● **EXCERPTED DATA**:

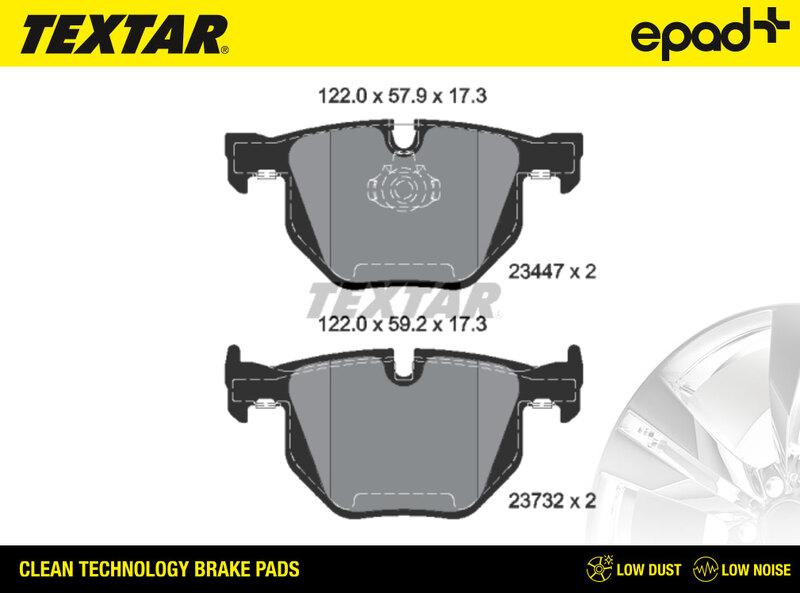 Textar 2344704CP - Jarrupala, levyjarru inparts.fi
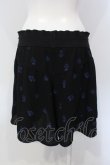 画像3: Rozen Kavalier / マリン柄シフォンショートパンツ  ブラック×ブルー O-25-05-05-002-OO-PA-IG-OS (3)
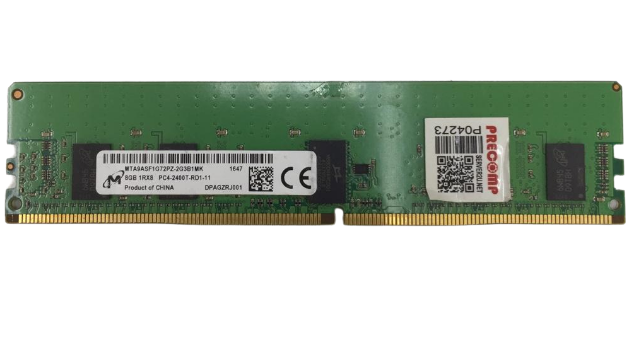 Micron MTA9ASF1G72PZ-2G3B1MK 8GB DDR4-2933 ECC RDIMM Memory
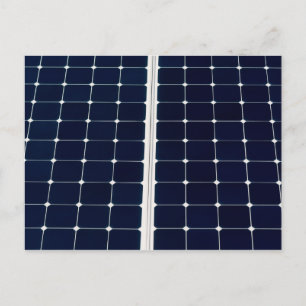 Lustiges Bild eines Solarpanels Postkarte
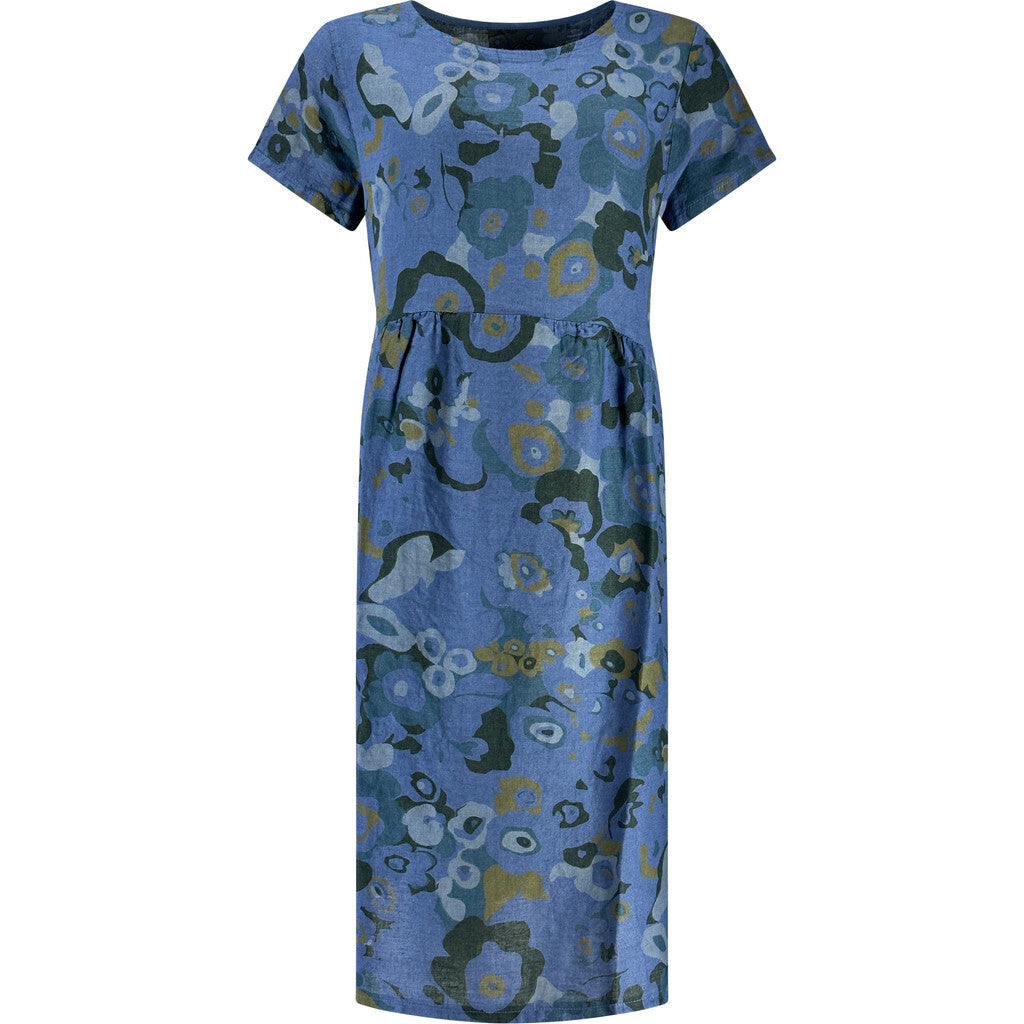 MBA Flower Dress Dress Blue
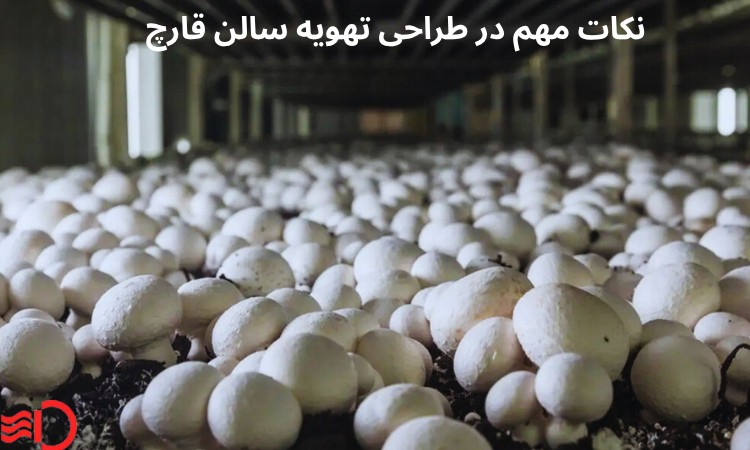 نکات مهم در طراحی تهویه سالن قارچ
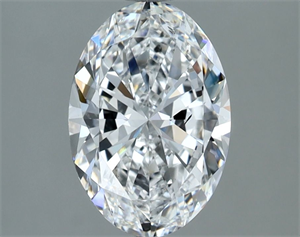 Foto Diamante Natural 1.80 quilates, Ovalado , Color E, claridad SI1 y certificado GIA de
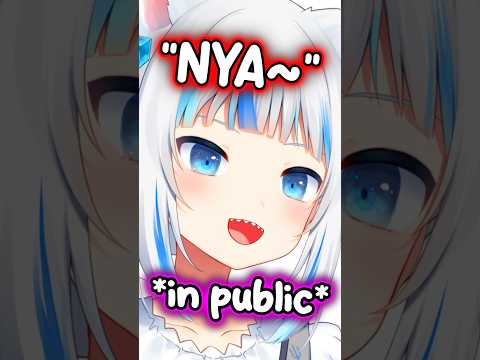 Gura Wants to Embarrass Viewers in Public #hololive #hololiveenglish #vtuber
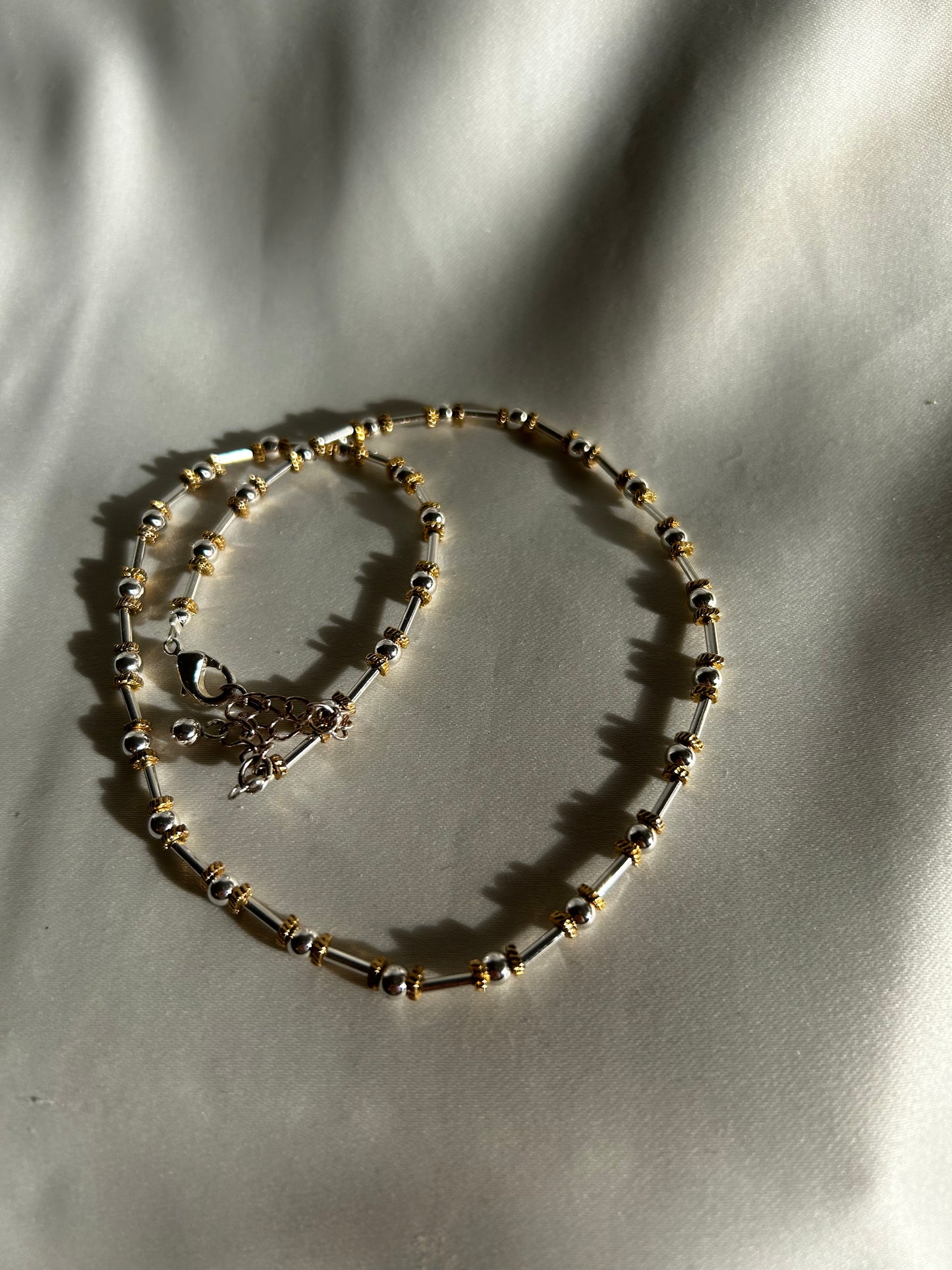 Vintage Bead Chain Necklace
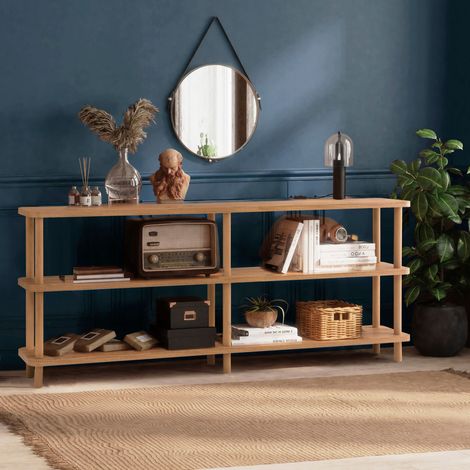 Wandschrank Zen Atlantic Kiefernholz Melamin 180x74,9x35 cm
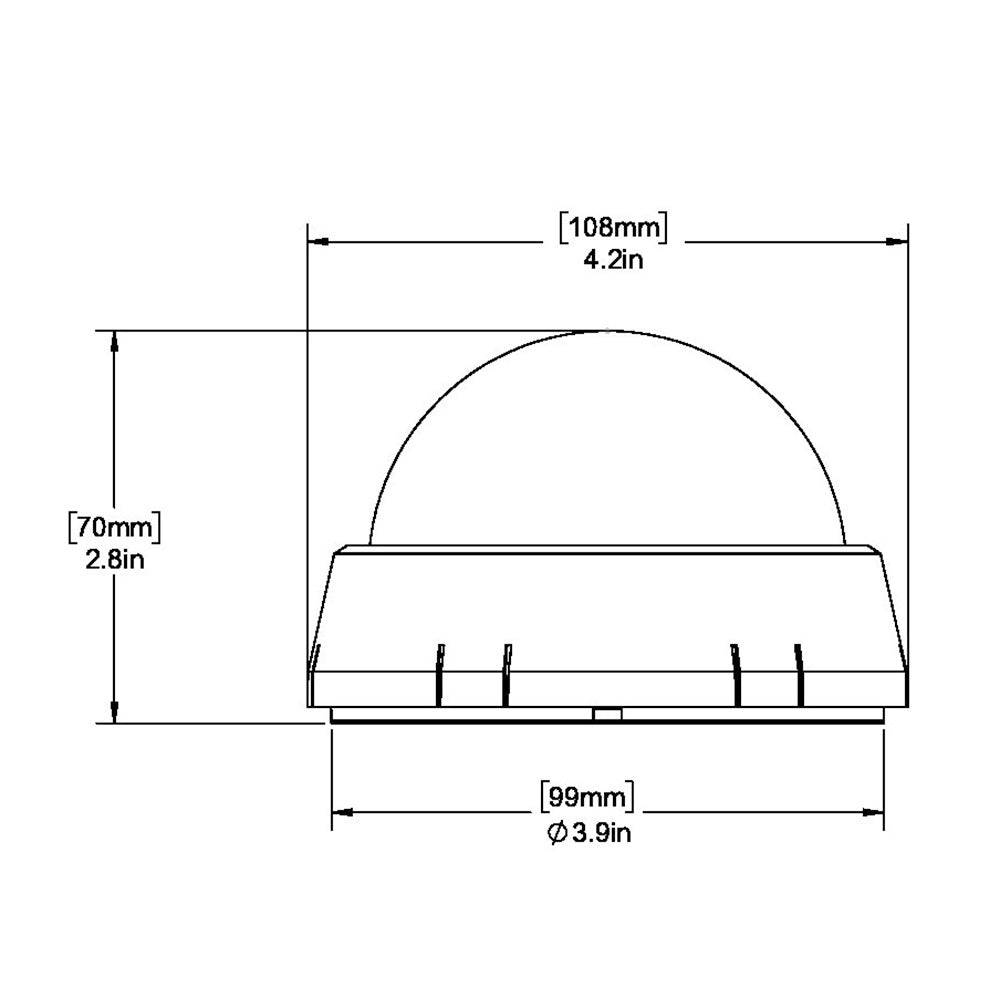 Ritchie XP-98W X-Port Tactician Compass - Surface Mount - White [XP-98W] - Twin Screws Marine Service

● **PROBLEM TO SOLVE**: Print the lines from the one holding "Lustiges Bild eines Solarpanels Postkarte" through the last line of the records, word for word, and omit the pictures.

● **ANSWER TO THIS EXERCISE**:
 Lustiges Bild eines Solarpanels Postkarte
 MBA Flower Dress Dress Blue
 نکات مهم در طراحی تهویه سالن قارچ
 Foto Diamante Natural 1.80 quilates, Ovalado , Color E, claridad SI1 y certificado GIA de
 Gura Wants to Embarrass Viewers in Public #hololive #hololiveenglish #vtuber
 Vintage Bead Chain Necklace
 Wandschrank Zen Atlantic Kiefernholz Melamin 180x74,9x35 cm
 Ritchie XP-98W X-Port Tactician Compass - Surface Mount - White [XP-98W] - Twin Screws Marine Service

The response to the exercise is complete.